ADR 0002 — CRDs primary, folder loader as fallback

Status. Accepted, implemented in v1.

Context

podwatcher-poc distributed rules as files in a folder, loaded at startup. Portal must support a GitOps workflow, kubectl apply ergonomics, per-rule .status reporting, and ideally the same folder-based bootstrap path that podwatcher-poc users already know.

Decision

  • PortalClusterRule (cluster-scoped) and PortalRule (namespaced) CRDs are the canonical surface. apiVersion: portal.io/v1alpha1, defined in internal/rule/v1alpha1/types.go, deployed via the chart's crds/ directory.
  • The folder loader is retained behind the --rules-folder flag. Both can run simultaneously; the in-memory rule index is a merged view.
  • portal migrate-rules writes CRs by default (--format=cr) and folder files on --format=folder (internal/rule/migrate/migrate.go).

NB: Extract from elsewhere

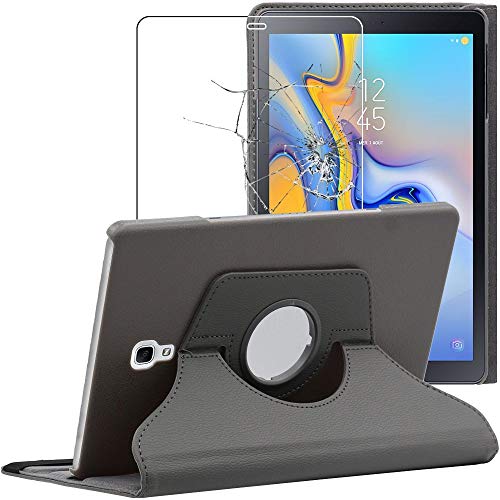 ebestStar - Funda para Samsung Galaxy Tab A 10.5 (2018) T590 T595, Carcasa Capa Giratoria, 360 Protectora, Cuero PU Soporte, Gris + Cristal Templado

Rationale — CRDs as primary

  • kubectl apply is the contract. Every K8s tool, every operator, every CI pipeline already knows it. No new file-distribution mechanism to ship.
  • K8s RBAC scopes who can write rules: cluster admins for PortalClusterRule, namespace owners for PortalRule.
  • GitOps-native. Argo CD / Flux already reconcile CRs; rules become regular declarative manifests under version control.
  • .status reporting. Each CR has a .status subresource that the reconciler (internal/rule/v1alpha1/reconciler.go) writes with evalCount, violationCount, lastApplied, parseError, activeOn. Users see whether a rule is firing without grepping logs.
  • Validation at the API server. The OpenAPI structural schema rejects malformed manifests before Portal ever sees them. Expression-level errors (expr-lang syntax) surface in .status.parseError post-apply.
  • Discoverability. kubectl get portalclusterrule lists every active rule. kubectl describe gives operators everything they need without learning Portal-specific tooling.

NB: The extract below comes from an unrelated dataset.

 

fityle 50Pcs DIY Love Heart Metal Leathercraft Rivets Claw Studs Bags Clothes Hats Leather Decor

Rationale — folder loader retained

  • Bootstrap. Some clusters install Portal from a tarball before the K8s API server is up enough to write CRs (cluster bootstrap, disaster recovery). Folder mode works without an API server.
  • Dev workflow. portal run --rules-folder=./examples/rules/ --kubeconfig=... is the fast inner-loop. Edit a file, hit save, fsnotify picks it up — no CR roundtrip.
  • Migration from podwatcher-poc. podwatcher-poc rules are in folders. The first migration step (run portal migrate-rules ... --format=folder) keeps them in folders so operators can verify behaviour parity before flipping to CRs.

Both at once

Both loaders feed into the same RuleIndex (internal/api/engine.goRuleIndex). Behavioural contract:

  • Rules from both sources coexist; the index is a merged view.
  • If two rules have the same name, the last-writer wins (folder loaders process in lexical order; CR loaders by informer event order). This is documented but not enforced — name collisions are an operator error.
  • The migration story: install Portal with folder-only loading, verify parity, portal migrate-rules to CRs, kubectl apply -f migrated-rules/, then helm upgrade to drop the folder loader. No "all at once" requirement.

Consequences

  • Two rule sources to maintain. Both have unit tests under internal/rule/loader/. Both must produce the same api.Rule shape — folder uses YAML directly, CR loader extracts from PortalClusterRule.spec.
  • The CRDs are versioned (apiVersion: portal.io/v1alpha1). Per docs/operator/upgrading.md, CRD upgrades are a separate step from helm upgrade. v1 only has one stored version; no conversion webhook.
  • Documentation explicitly covers both modes (docs/getting-started/first-rule.md shows CR; docs/getting-started/install-helm.md covers rulesFolder).